Elle convient moins bien — ou, du moins, n'est qu'une réponse incomplète — si le cœur de votre projet est une activité réglementée d'actifs virtuels et que vous espérez que la société seule règle la question. Ce n'est pas le cas. La société reste alors utile comme entité d'exploitation, mais ce n'est que l'étape une d'un chemin plus long qui passe par un conseil spécialisé et les régulateurs. L'erreur à éviter est de croire que « j'ai créé à Hong Kong » équivaut à « je suis autorisé à exploiter une plateforme d'échange crypto » — ce sont deux univers distincts. Si vous comparez Hong Kong à votre façon d'opérer aujourd'hui, notre guide qui démonte les idées reçues sur la création d'une société à Hong Kong par un étranger clarifie les méprises les plus courantes sur le volet société.

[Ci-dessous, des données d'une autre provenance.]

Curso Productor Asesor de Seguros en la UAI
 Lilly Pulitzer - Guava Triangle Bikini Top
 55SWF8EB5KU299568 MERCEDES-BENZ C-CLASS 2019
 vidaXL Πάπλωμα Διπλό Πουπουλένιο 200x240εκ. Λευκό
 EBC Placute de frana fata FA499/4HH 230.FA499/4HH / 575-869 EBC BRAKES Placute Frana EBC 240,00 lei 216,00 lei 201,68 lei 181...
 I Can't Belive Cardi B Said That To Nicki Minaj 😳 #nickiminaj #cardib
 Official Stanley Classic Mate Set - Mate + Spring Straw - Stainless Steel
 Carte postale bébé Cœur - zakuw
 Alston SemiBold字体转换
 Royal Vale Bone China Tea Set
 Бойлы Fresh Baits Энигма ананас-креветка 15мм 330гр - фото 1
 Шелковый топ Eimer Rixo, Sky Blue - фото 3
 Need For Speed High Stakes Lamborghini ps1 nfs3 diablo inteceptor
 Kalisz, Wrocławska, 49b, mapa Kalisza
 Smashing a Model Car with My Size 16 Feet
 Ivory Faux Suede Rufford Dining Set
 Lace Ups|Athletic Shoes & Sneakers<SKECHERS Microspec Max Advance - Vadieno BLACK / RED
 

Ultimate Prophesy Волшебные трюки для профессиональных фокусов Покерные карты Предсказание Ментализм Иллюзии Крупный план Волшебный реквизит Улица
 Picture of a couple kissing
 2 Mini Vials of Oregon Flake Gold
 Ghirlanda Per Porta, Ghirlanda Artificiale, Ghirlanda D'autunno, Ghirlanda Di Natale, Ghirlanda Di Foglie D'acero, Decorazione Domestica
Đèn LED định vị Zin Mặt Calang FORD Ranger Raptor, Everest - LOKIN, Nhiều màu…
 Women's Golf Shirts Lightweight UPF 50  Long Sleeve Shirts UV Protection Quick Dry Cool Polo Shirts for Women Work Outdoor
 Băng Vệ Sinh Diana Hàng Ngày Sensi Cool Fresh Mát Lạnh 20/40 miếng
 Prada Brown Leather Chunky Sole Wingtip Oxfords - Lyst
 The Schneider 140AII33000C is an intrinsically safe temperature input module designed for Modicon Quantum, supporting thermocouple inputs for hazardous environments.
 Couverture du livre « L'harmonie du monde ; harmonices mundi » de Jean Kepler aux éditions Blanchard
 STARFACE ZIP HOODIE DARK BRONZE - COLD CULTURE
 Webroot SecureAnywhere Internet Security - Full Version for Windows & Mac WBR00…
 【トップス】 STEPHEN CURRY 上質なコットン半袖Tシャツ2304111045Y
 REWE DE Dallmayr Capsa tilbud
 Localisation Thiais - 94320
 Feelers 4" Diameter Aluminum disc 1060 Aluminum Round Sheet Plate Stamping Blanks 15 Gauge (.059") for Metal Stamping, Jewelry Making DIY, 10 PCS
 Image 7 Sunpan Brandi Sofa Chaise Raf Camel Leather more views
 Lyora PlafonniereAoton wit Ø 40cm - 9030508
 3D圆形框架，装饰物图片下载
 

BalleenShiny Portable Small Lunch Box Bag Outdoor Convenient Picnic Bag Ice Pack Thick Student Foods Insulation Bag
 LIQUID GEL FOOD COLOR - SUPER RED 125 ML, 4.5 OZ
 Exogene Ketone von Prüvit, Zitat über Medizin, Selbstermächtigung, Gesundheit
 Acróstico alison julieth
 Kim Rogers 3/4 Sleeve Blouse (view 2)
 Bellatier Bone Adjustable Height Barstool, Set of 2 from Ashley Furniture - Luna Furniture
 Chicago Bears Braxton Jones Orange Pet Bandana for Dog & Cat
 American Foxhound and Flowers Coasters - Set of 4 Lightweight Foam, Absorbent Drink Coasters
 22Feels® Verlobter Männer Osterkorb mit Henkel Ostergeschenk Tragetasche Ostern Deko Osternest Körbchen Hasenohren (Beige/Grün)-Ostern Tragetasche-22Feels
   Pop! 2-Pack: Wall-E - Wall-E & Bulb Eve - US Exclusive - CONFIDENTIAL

Ce que couvre notre pack — et ce qu'il ne couvre pas

Soyons précis sur notre rôle, car la clarté ici vous protège. Nous mettons en place la société, fournissons le secrétaire de société et le siège social statutaires, préparons votre dossier bancaire et faisons les introductions auprès de nos partenaires bancaires, et assurons votre comptabilité, votre audit et votre conformité statutaire courants. Le coût public de constitution est transparent et modeste, et nous n'y ajoutons aucune marge.

Le chiffre de la mise en place

Coût public pour créer une société à Hong Kong : 3 895 HK$ — 1 545 HK$ de frais d'inscription électronique au Companies Registry + 2 350 HK$ de Business Registration (dont la taxe Levy de 150 HK$ rétablie le 1er avril 2026). Un tarif transparent à nous régler ; aucune marge sur les frais publics. Ce montant concerne la société — il n'inclut pas, et n'a aucun lien avec, une quelconque licence d'actifs virtuels.

Ces 3 895 HK$ se décomposent en 1 545 HK$ de frais d'inscription électronique au Companies Registry (CR) plus 2 350 HK$ pour le Certificat d'enregistrement d'entreprise (Business Registration) d'un an, qui inclut la taxe Levy de 150 HK$ rétablie le 1er avril 2026 après deux ans de suspension. La constitution elle-même s'achève généralement en 3 à 5 jours ouvrés. Ce que notre pack ne couvre pas, ce sont les licences d'actifs virtuels, les demandes réglementaires auprès de la SFC ou de la HKMA, ni le conseil juridique sur le caractère réglementé de votre activité — pour cela, vous mandatez un conseil spécialisé, et nous travaillons volontiers à ses côtés sur le volet société et comptable.

Activité réglementée ?

Si votre projet exploite un service d'actifs virtuels — plateforme d'échange, garde, négociation ou stablecoin — c'est réglementé par la SFC et la HKMA, et il vous faut un conseil juridique spécialisé avant d'opérer. Nous ne conseillons pas sur les licences. Ce que nous faisons, c'est mettre en place la société, gérer la comptabilité et le volet statutaire, et travailler aux côtés de vos avocats réglementaires — pour que la base corporative soit solide pendant qu'ils s'occupent de la licence.

La répartition des tâches est donc nette : les avocats spécialisés et les régulateurs détiennent la question des licences ; nous détenons la société, les comptes et le calendrier de conformité. Si vous voulez bâtir correctement la base corporative pendant que votre conseil évalue la couche réglementée, la meilleure première étape est une courte conversation sur votre modèle précis. Échangez avec notre équipe à Hong Kong et nous vous dirons honnêtement quelles parties nous pouvons vous décharger.

L'essentiel

Hong Kong veut sincèrement attirer les fondateurs Web3, et une société à Hong Kong est une base saine, crédible et imposée sur les bénéfices pour le volet exploitation d'une startup crypto — votre équipe, vos contrats, votre propriété intellectuelle, vos revenus B2B et votre banque. En créer une est rapide et coûte 3 895 HK$ de frais publics, sans marge de notre part. C'est la partie que nous gérons de bout en bout.

Ce qu'une société n'est pas, c'est une licence. Exploiter une plateforme d'échange, conserver les actifs de clients, négocier des actifs virtuels ou émettre un stablecoin sont des activités réglementées supervisées par la SFC et la HKMA, et elles exigent une licence en bonne et due forme ainsi qu'un conseil juridique spécialisé — point final. Gardez ces deux questions séparées, prenez le bon conseil pour la couche réglementée, et laissez-nous bâtir et faire tourner la société en dessous.